### Your task
Give back every record precisely.

━━━

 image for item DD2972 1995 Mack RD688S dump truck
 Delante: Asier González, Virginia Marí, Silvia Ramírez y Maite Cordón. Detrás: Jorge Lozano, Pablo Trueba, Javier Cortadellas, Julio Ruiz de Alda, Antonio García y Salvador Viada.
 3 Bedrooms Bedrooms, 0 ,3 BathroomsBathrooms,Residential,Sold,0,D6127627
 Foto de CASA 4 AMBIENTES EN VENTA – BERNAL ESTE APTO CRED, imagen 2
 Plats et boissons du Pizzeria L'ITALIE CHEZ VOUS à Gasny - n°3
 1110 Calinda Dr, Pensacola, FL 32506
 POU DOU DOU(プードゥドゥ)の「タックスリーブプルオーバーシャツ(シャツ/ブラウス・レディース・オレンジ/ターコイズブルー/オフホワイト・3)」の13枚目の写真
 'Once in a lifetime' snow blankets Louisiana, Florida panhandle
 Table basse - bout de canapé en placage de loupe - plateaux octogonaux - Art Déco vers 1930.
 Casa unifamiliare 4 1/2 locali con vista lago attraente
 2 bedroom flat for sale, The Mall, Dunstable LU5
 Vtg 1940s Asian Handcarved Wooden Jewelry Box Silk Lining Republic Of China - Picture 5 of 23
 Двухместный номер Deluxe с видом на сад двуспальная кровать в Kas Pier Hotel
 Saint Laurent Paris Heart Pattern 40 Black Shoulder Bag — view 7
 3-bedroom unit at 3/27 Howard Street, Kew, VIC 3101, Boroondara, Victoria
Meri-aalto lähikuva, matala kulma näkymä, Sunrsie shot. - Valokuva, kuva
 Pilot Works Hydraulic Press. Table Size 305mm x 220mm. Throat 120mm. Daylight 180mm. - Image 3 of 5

━━━

### Solved exercise
 image for item DD2972 1995 Mack RD688S dump truck
 Delante: Asier González, Virginia Marí, Silvia Ramírez y Maite Cordón. Detrás: Jorge Lozano, Pablo Trueba, Javier Cortadellas, Julio Ruiz de Alda, Antonio García y Salvador Viada.
 3 Bedrooms Bedrooms, 0 ,3 BathroomsBathrooms,Residential,Sold,0,D6127627
 Foto de CASA 4 AMBIENTES EN VENTA – BERNAL ESTE APTO CRED, imagen 2
 Plats et boissons du Pizzeria L'ITALIE CHEZ VOUS à Gasny - n°3
 1110 Calinda Dr, Pensacola, FL 32506
 POU DOU DOU(プードゥドゥ)の「タックスリーブプルオーバーシャツ(シャツ/ブラウス・レディース・オレンジ/ターコイズブルー/オフホワイト・3)」の13枚目の写真
 'Once in a lifetime' snow blankets Louisiana, Florida panhandle
 Table basse - bout de canapé en placage de loupe - plateaux octogonaux - Art Déco vers 1930.
 Casa unifamiliare 4 1/2 locali con vista lago attraente
 2 bedroom flat for sale, The Mall, Dunstable LU5
 Vtg 1940s Asian Handcarved Wooden Jewelry Box Silk Lining Republic Of China - Picture 5 of 23
 Двухместный номер Deluxe с видом на сад двуспальная кровать в Kas Pier Hotel
 Saint Laurent Paris Heart Pattern 40 Black Shoulder Bag — view 7
 3-bedroom unit at 3/27 Howard Street, Kew, VIC 3101, Boroondara, Victoria
Meri-aalto lähikuva, matala kulma näkymä, Sunrsie shot. - Valokuva, kuva
 Pilot Works Hydraulic Press. Table Size 305mm x 220mm. Throat 120mm. Daylight 180mm. - Image 3 of 5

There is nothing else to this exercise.